Whatever one’s thoughts on Trump’s approach to dealing with China, it’s abundantly clear that his administration has called Beijing to account on trade policy in a way we have never seen since China’s emergence as an economic super-power. Especially with the employ of tariff hawks like Trade Policy Director Peter Navarro and U.S. Trade Representative Robert Lighthizer, Xi and his compatriots have had no choice but to take the U.S. seriously on trade. China currently looks very motivated not to take the next step down the trade war path, which by itself is a win for the Trump administration.
For sure, a mere 90 days is not likely enough time to put behind us some of the biggest issues on the table, such as Intellectual Property usage and its intertwining with global high-tech industries. In fact, some of these rifts come down to long-established cultural differences that will take much longer than March of next year to iron out.
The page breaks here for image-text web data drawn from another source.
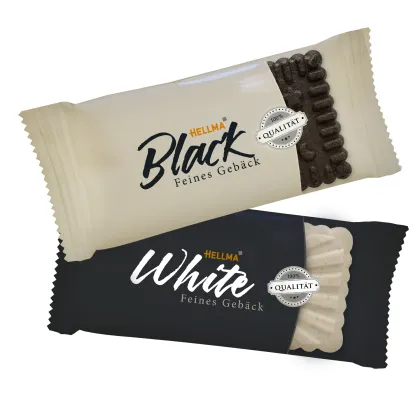 Hellma Feines Geb&auml;ck Black & White 200 St&uuml;ck einzeln verpackt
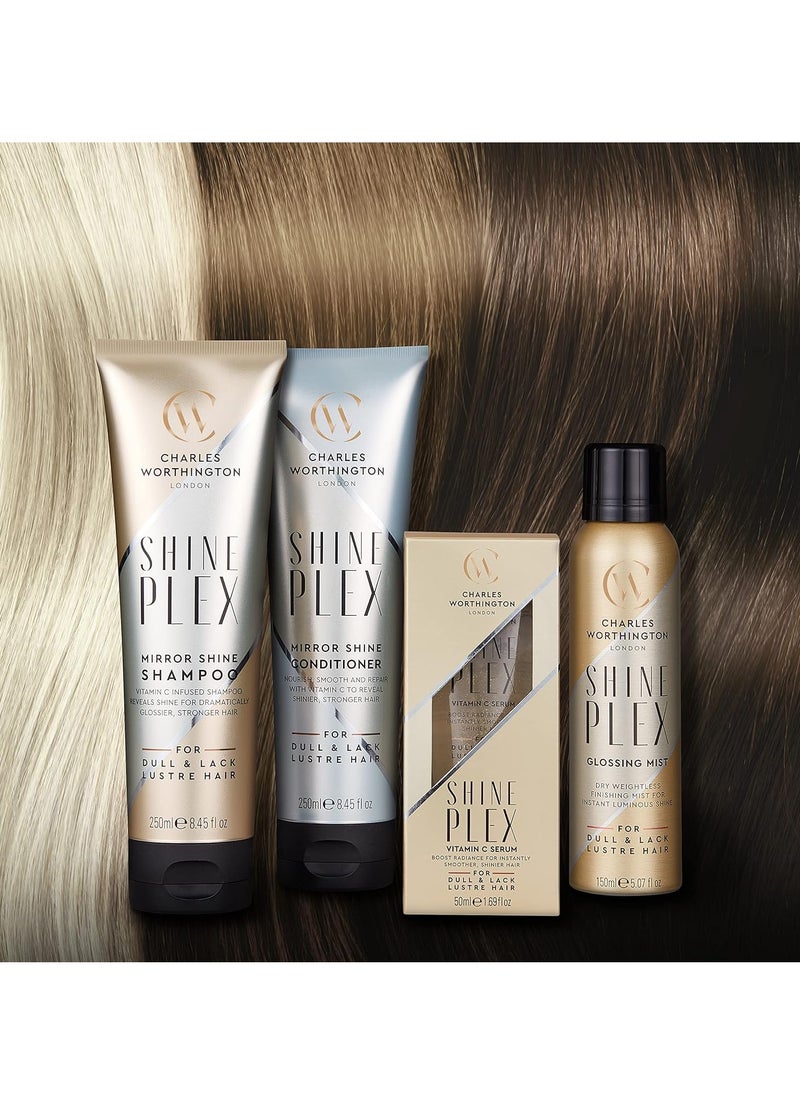CHARLES WORTHINGTON Shine Plex Mirror Shine Conditioner for Dull Hair Nourishing Conditioner for Frizzy Hair Salon Conditioner to Boost Shine 250 ml  - Image 3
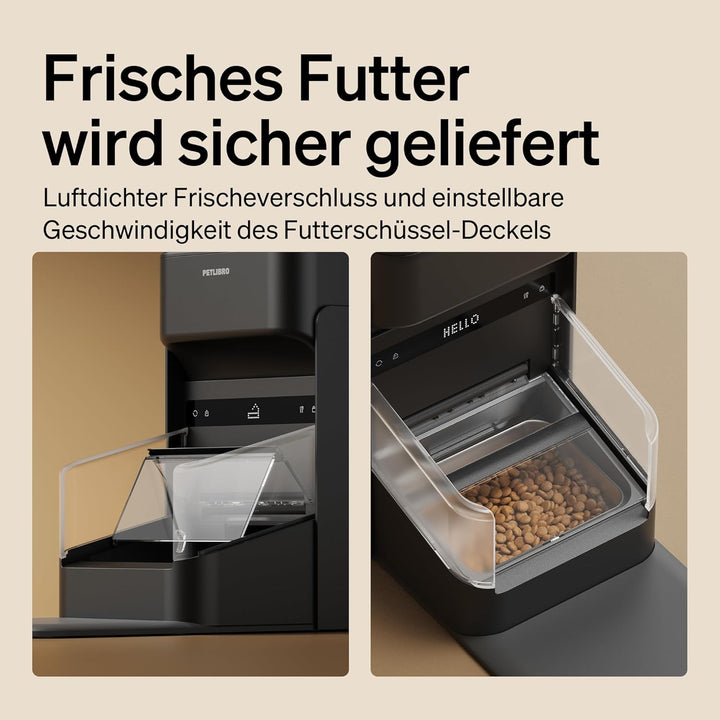 PETLIBRO Futterautomat Katze RFID, 5G Wi-Fi Katzenfutter Automat, Futterspender Katze mit Collar-Tag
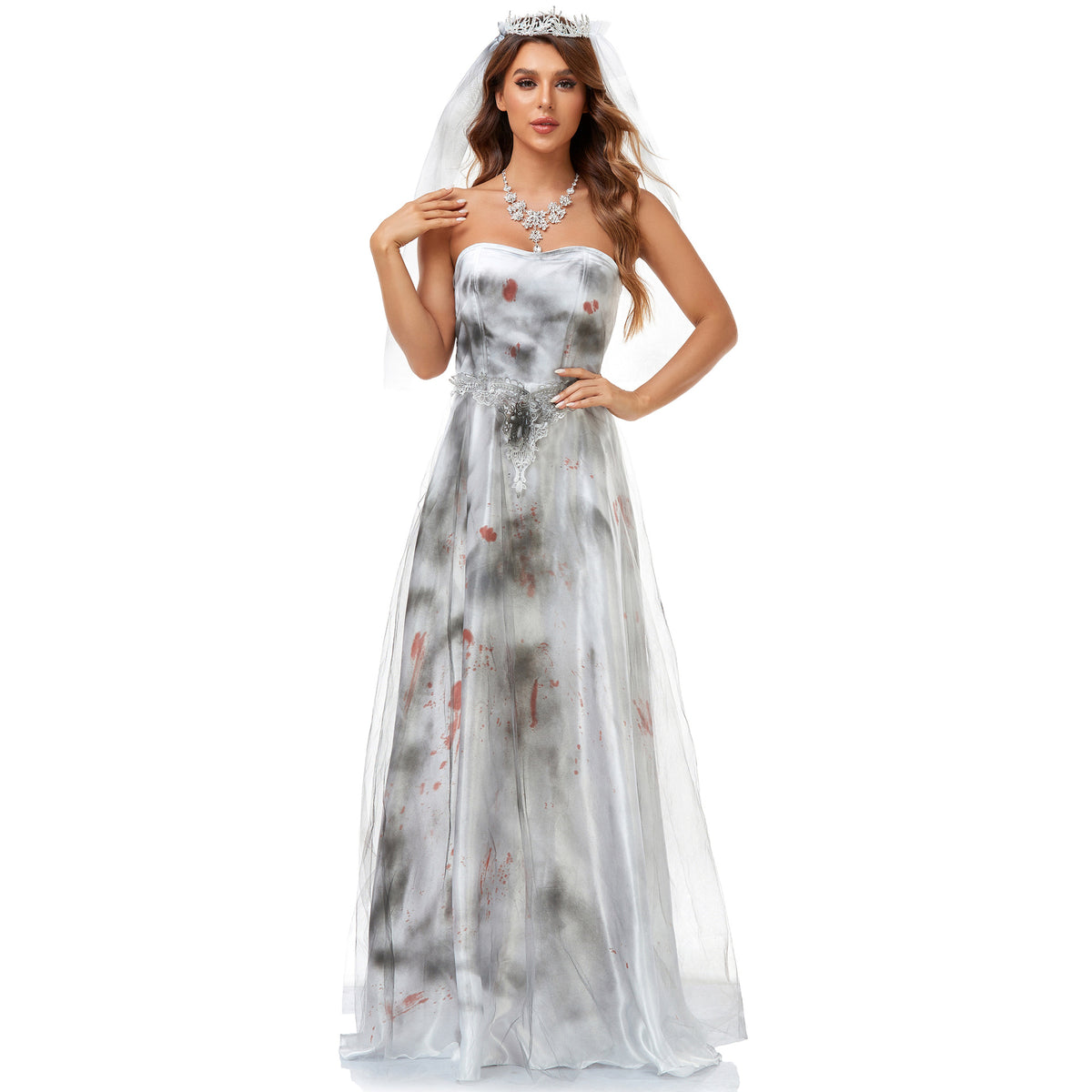 Ghost Bride Vampire Bride Costume Zombie Ghost Bride Halloween Costume Cosplay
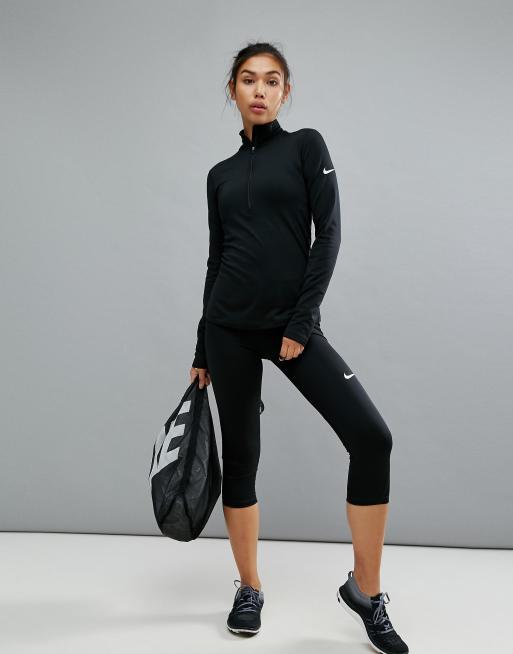 Nike pro cheap half zip top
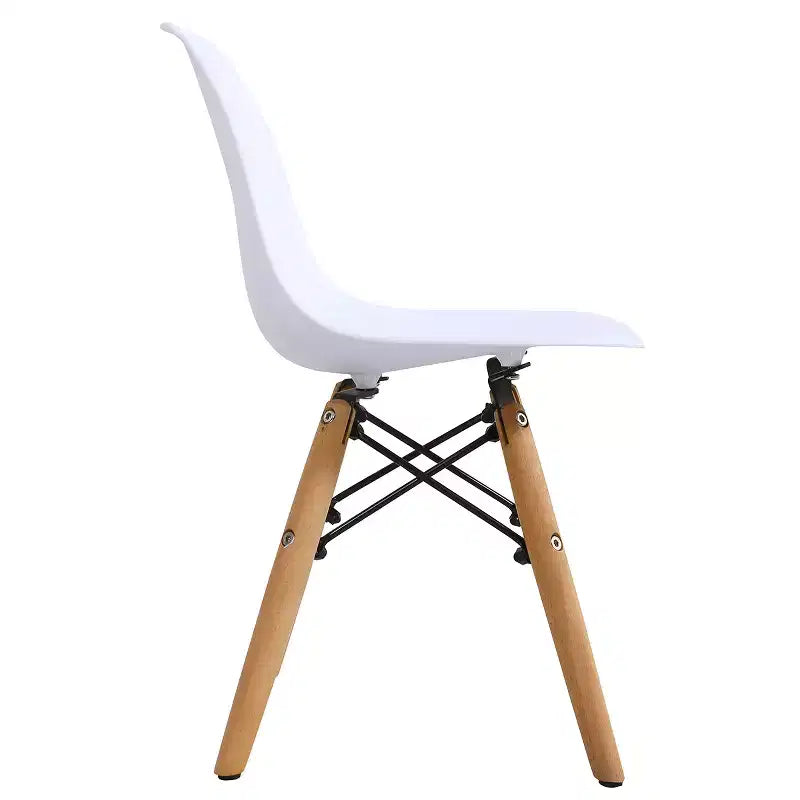 Costway Table et 4 chaises pour enfants Construction Solide Ensemble de 5 pièces Table à manger Enfant Blanc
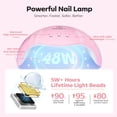 thumbnail image 6 of Modelones Poly Nail Gel Kit, 6 Colors Poly Extension Gel Clear Pink White with 48W Nail Lamp 3D Nail Charms Builder Slip Solution Complete Toe Nail Kit Supplies for Starter, 6 of 9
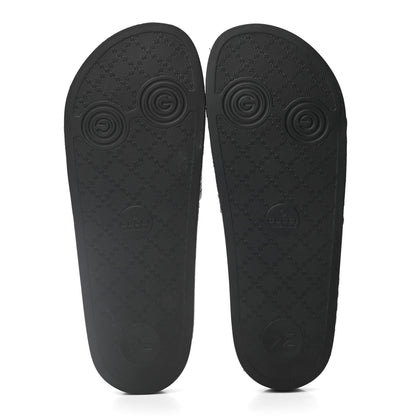 Gucci GG Supreme Monogram Psychedelic Mens Slide Sandals 9 Black Multicolor 7 of 8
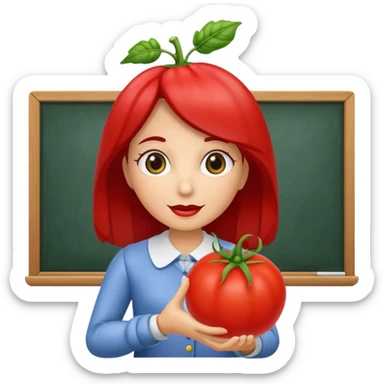 Mrs. Thursday classroom with tomatoes sticker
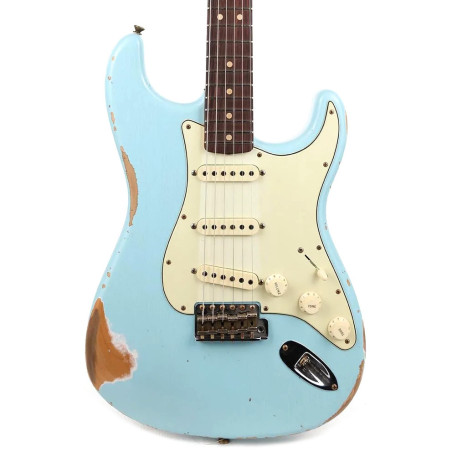 Fender Custom Shop LTD 1963 Stratocaster Heavy Relic Faded Aged Daphne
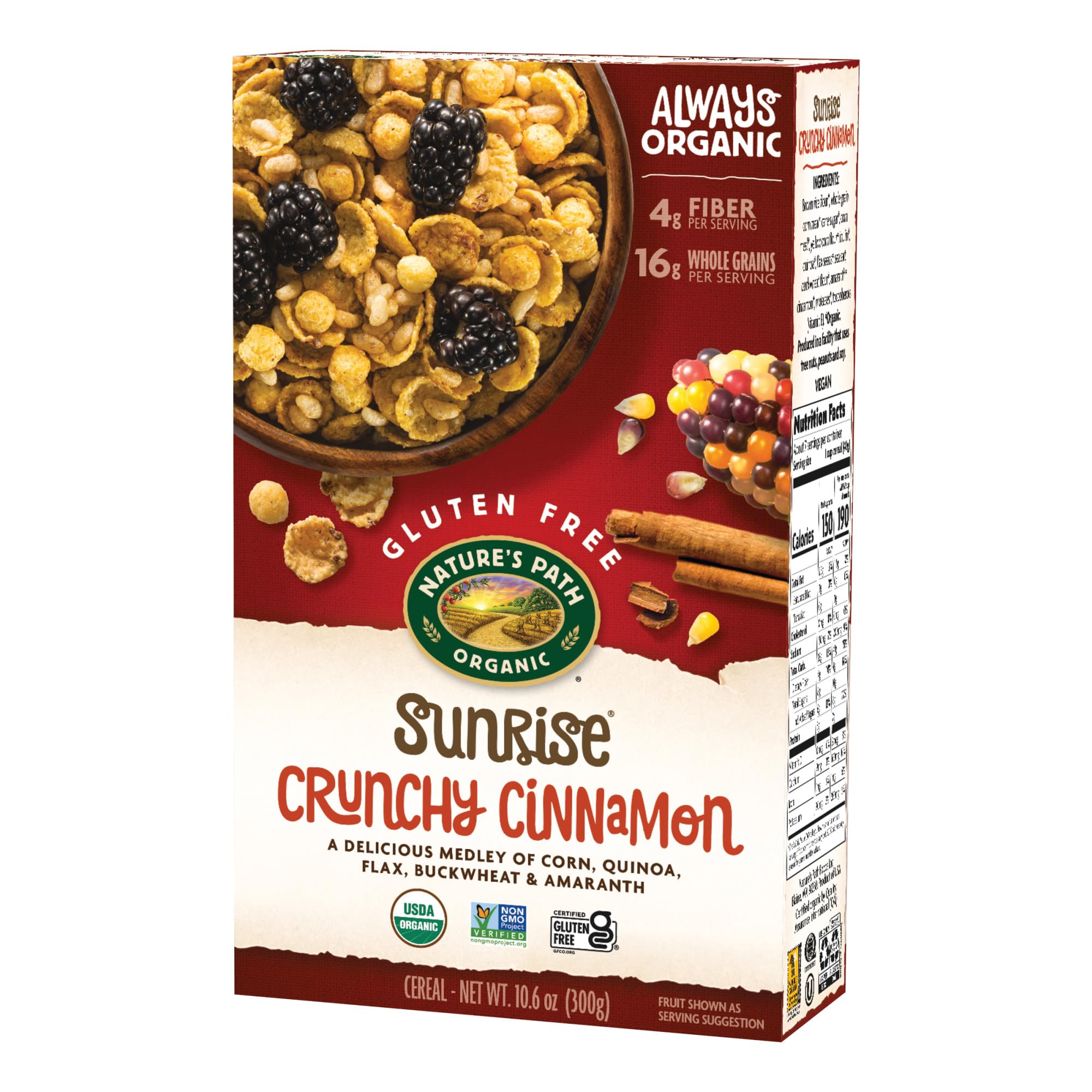 Nature's Path Organic Crunchy Sunrise Cereal, 10.6 Ounce (Pack of 6)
Thus, look at this Buenos Aires dinner meeting as simply an important first step in a new normalization of trade policy.
Until some of the details related to this normalization become apparent, and maybe even upon their discovery, markets should continue to their relief rally. Currently, the Dow is expected to open up more than 400 points, making clear that much of the trepidation market participants had been feeling since early October have been related to trade war anxiety. Now that the acuteness of this anxiety has been alleviated – even without first needing to chart progress in this 90-day window – we could see a strong end to the calendar year of stock trading.
Of course, this also opens up a new perspective on what we might expect from the Federal Reserve , especially considering its upcoming meeting (beginning two weeks from tomorrow) where it is widely expected another 25 basis-point rate hike will be forthcoming. Whether we see language consistent with last week’s speech from Fed Chair Jerome Powell that the benchmark interest rate in “just below” neutral, or whether an augmented outlook emerges will also be worth looking at.
For now, however, there is more than just the holiday season as an excuse to pop some champagne. Happy Monday!